(Extracted records)

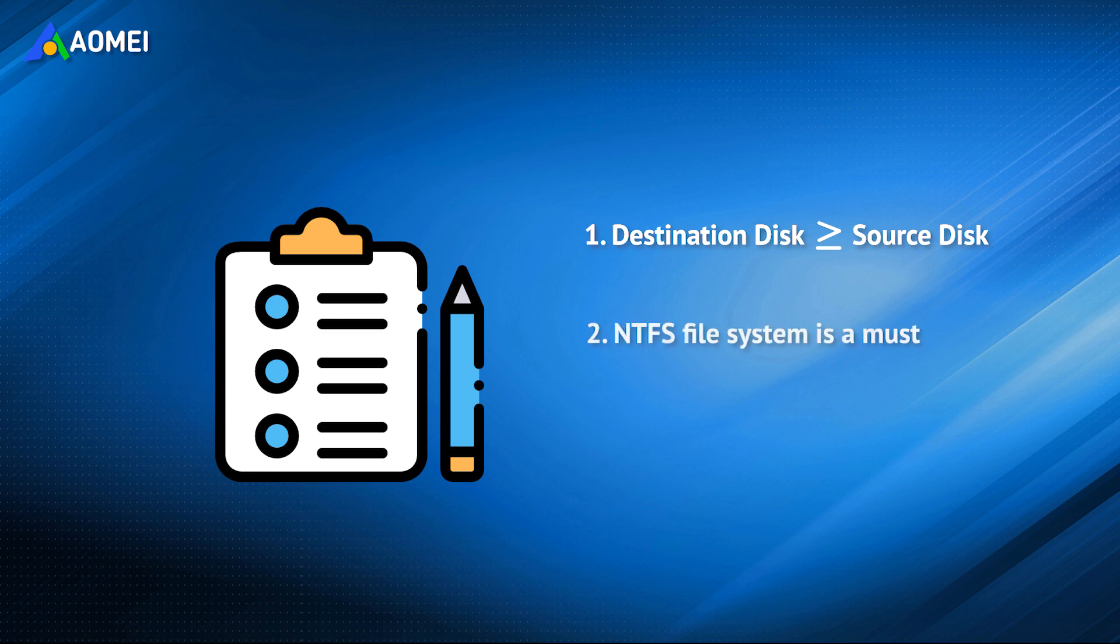Number two, only NTFS formatted volumes can be protected, so you need to format or convert partition to NTFS file system.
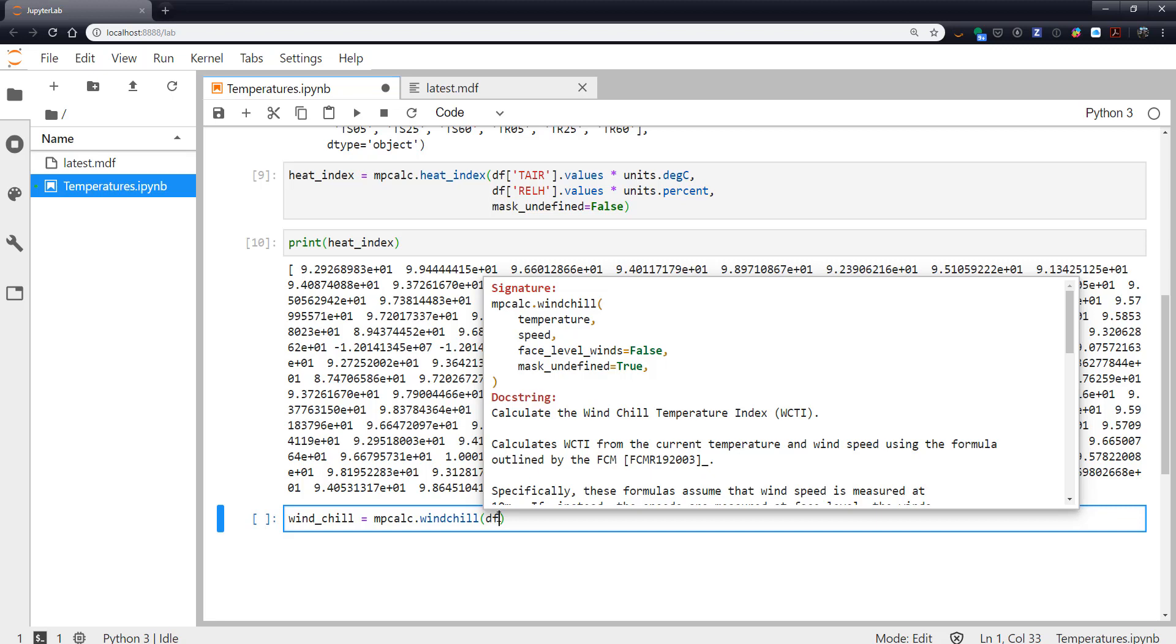If you are measuring the winds at face level or the two meter level you set that to true and there's an extra multiplier of 1.5 that gets added. The formula is originally designed for 10 meter wind speeds.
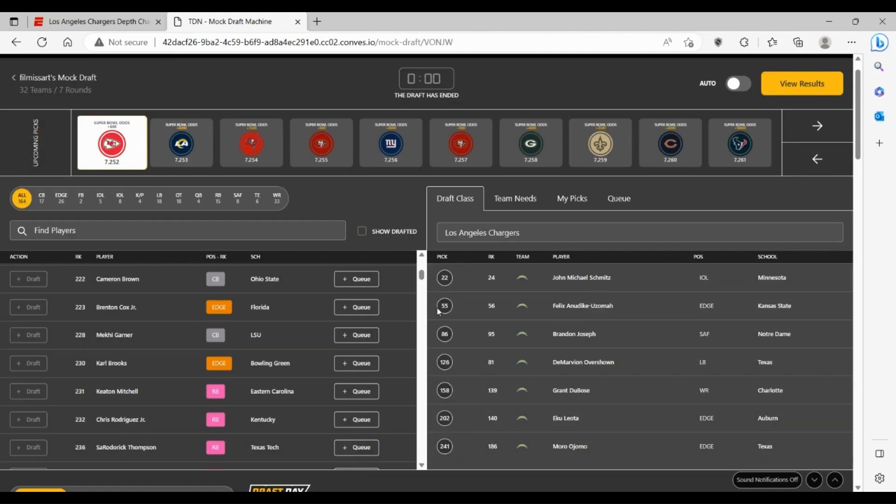So if you're the Chargers, I mean, you get your interior line help. You get three edge rushers to solidify the depth on the outside behind Bosa and most likely Khalil Mack when he slides down. Brandon Joseph maybe is a guy that can develop into a free safety this offseason. That would help out Derwin James a lot.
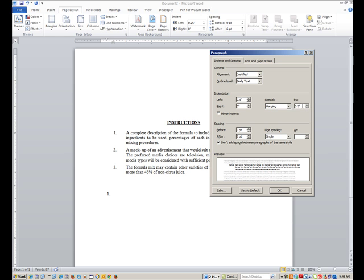Before we leave this screen we want to address spacing after. You may notice there is at least one line space between each numbered item, and six point is one line space. This goes up in increments of six and each one represents a whole new line space more — so six point is one line space, 12 point is two line spaces. The line spacing should be set to single. Also, if this is checked by default where it says 'don't add space between paragraphs of the same style,' uncheck that, because leaving it checked is going to mess up your spacing after. Uncheck it so it will honor your measurements.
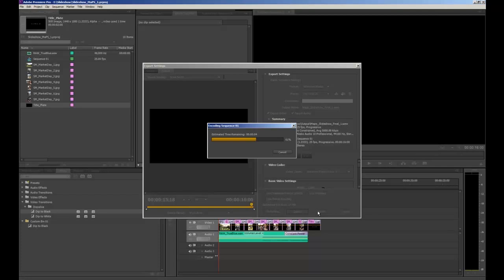If you'd like more info on Premiere Pro, please attend a MAPS session on video editing, which is two hours long and a lot more in depth.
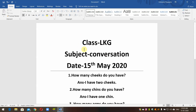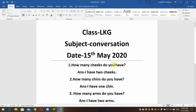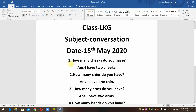Student Class Entity Subject. Conversation date: 15th May 2020. Question number 1: How many ticks do you have? Answer: I have 2 ticks.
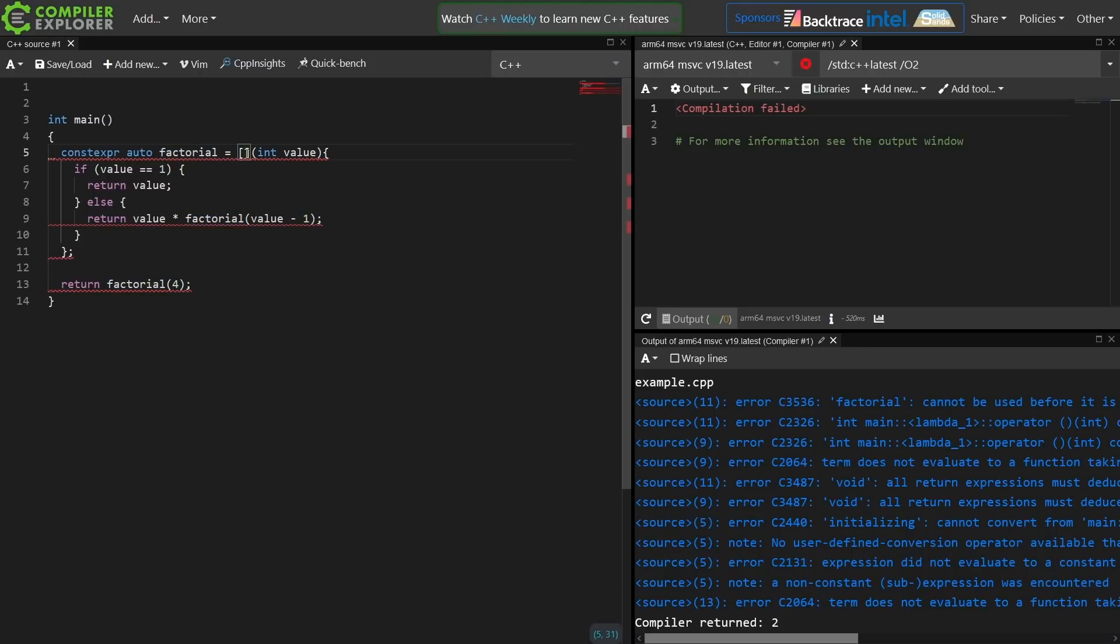We combine C++20's explicit template parameters for lambdas with C++23's deducing this, then we should be able to get there.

* **What you are asked to do**
Copy the entries above faithfully and omit every image.

* **Answer space**
Number two, only NTFS formatted volumes can be protected, so you need to format or convert partition to NTFS file system.
If you are measuring the winds at face level or the two meter level you set that to true and there's an extra multiplier of 1.5 that gets added. The formula is originally designed for 10 meter wind speeds.
So if you're the Chargers, I mean, you get your interior line help. You get three edge rushers to solidify the depth on the outside behind Bosa and most likely Khalil Mack when he slides down. Brandon Joseph maybe is a guy that can develop into a free safety this offseason. That would help out Derwin James a lot.
Before we leave this screen we want to address spacing after. You may notice there is at least one line space between each numbered item, and six point is one line space. This goes up in increments of six and each one represents a whole new line space more — so six point is one line space, 12 point is two line spaces. The line spacing should be set to single. Also, if this is checked by default where it says 'don't add space between paragraphs of the same style,' uncheck that, because leaving it checked is going to mess up your spacing after. Uncheck it so it will honor your measurements.
If you'd like more info on Premiere Pro, please attend a MAPS session on video editing, which is two hours long and a lot more in depth.
Student Class Entity Subject. Conversation date: 15th May 2020. Question number 1: How many ticks do you have? Answer: I have 2 ticks.
We combine C++20's explicit template parameters for lambdas with C++23's deducing this, then we should be able to get there.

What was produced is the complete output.